_Available data_:

===

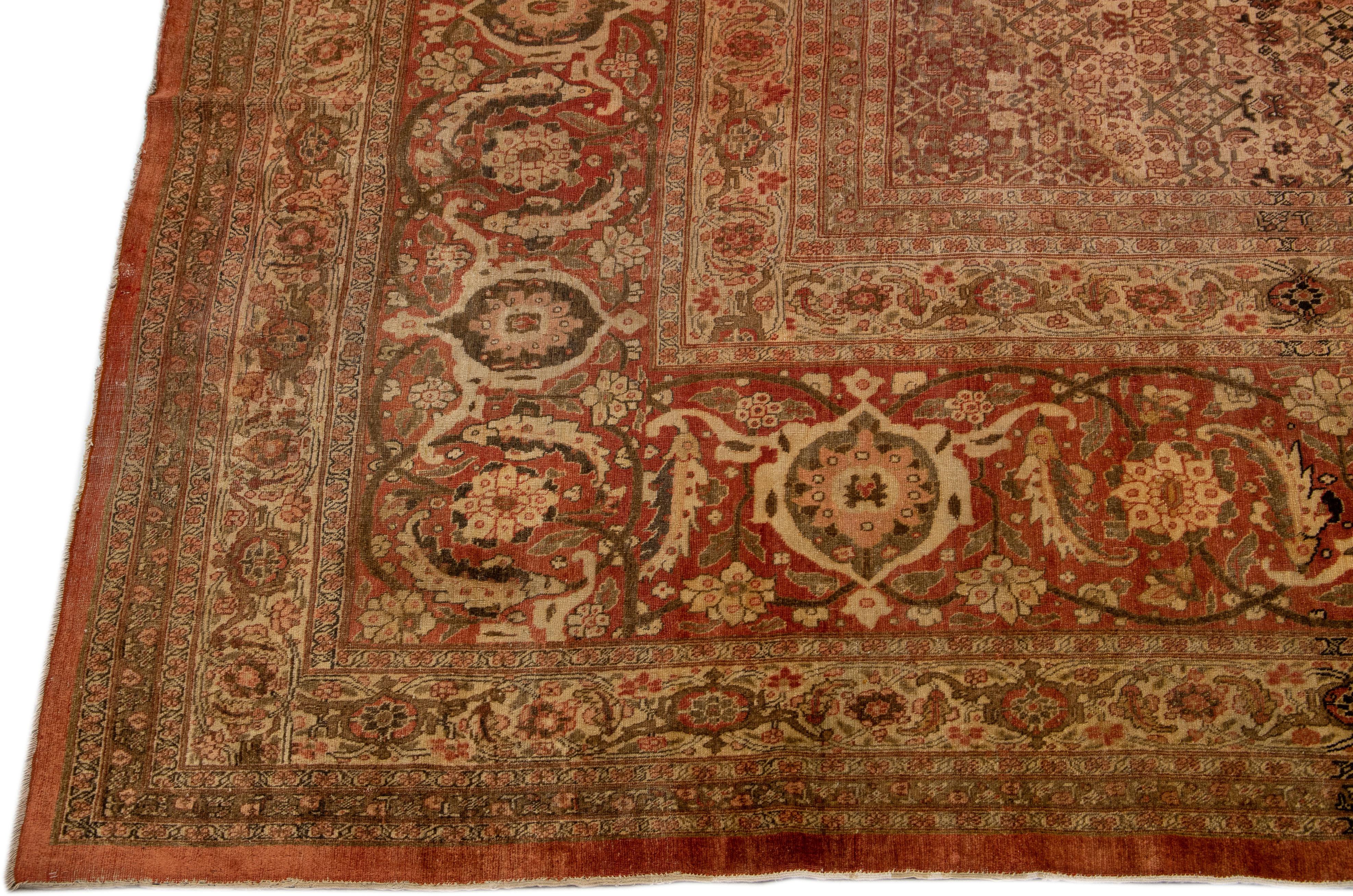 Antique Tabriz Rust Handmade Persian Oversize Wool Rug With Medallion Design In Excellent Condition For Sale In Norwalk, CT
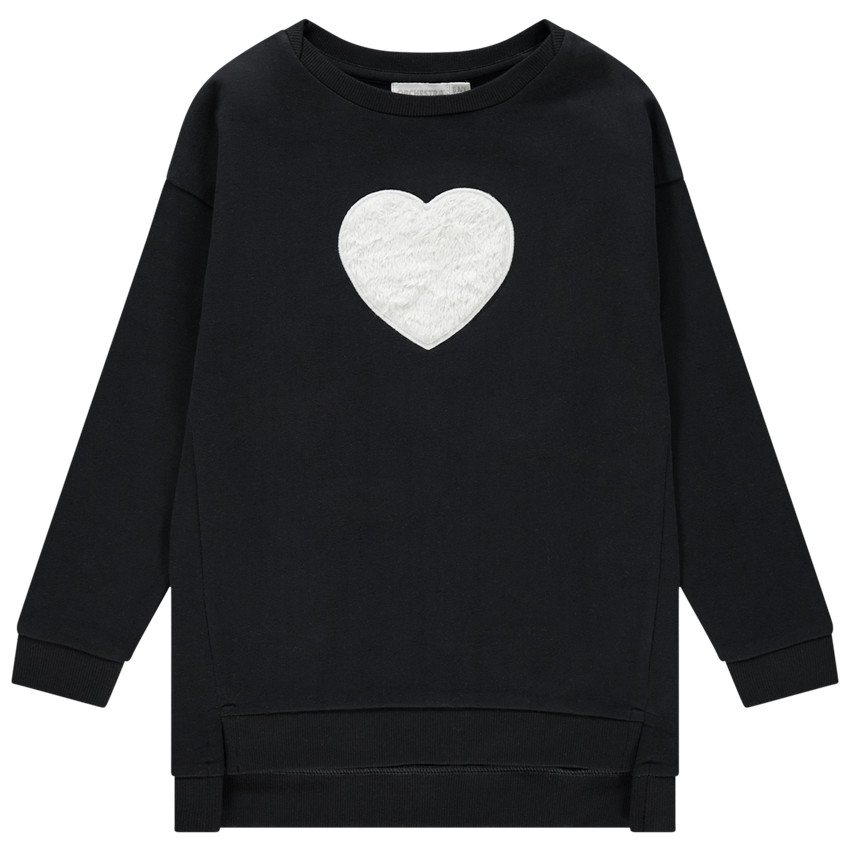 Sweat long en molleton avec coeur en sherpa 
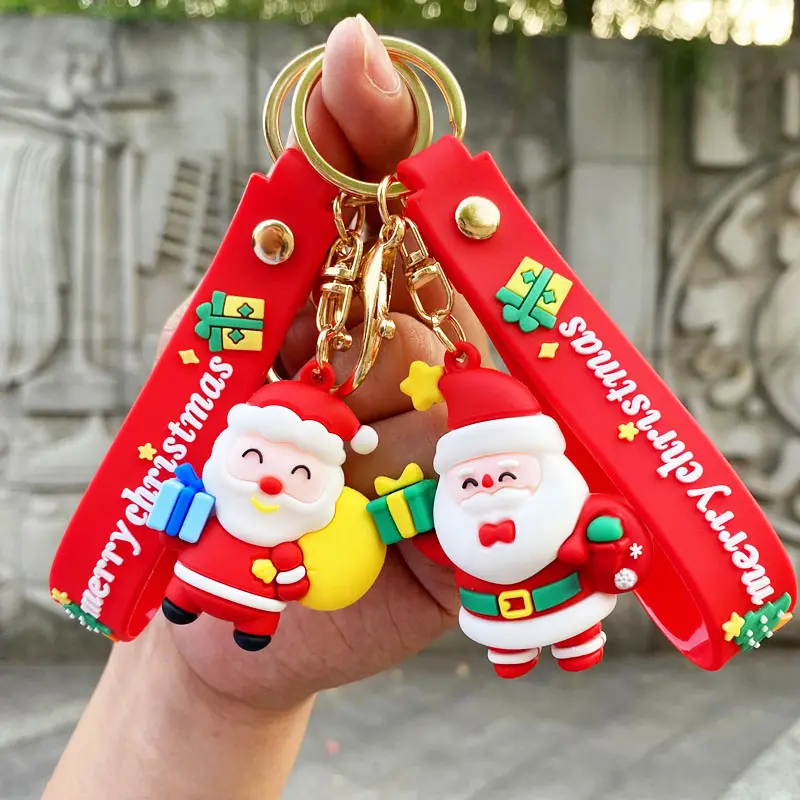 Y101 Cartoon PVC Santa Tree Claus Snowman 3D Keychain Rubber Christmas Key Chains With Lanyard Bag Backpack Decoration Gift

===

_Exercise_:
Every line above should be returned exactly; the pictures stay out.

_Written answer_:
 Antique Tabriz Rust Handmade Persian Oversize Wool Rug With Medallion Design In Excellent Condition For Sale In Norwalk, CT
 Sweat long en molleton avec coeur en sherpa 
 Y101 Cartoon PVC Santa Tree Claus Snowman 3D Keychain Rubber Christmas Key Chains With Lanyard Bag Backpack Decoration Gift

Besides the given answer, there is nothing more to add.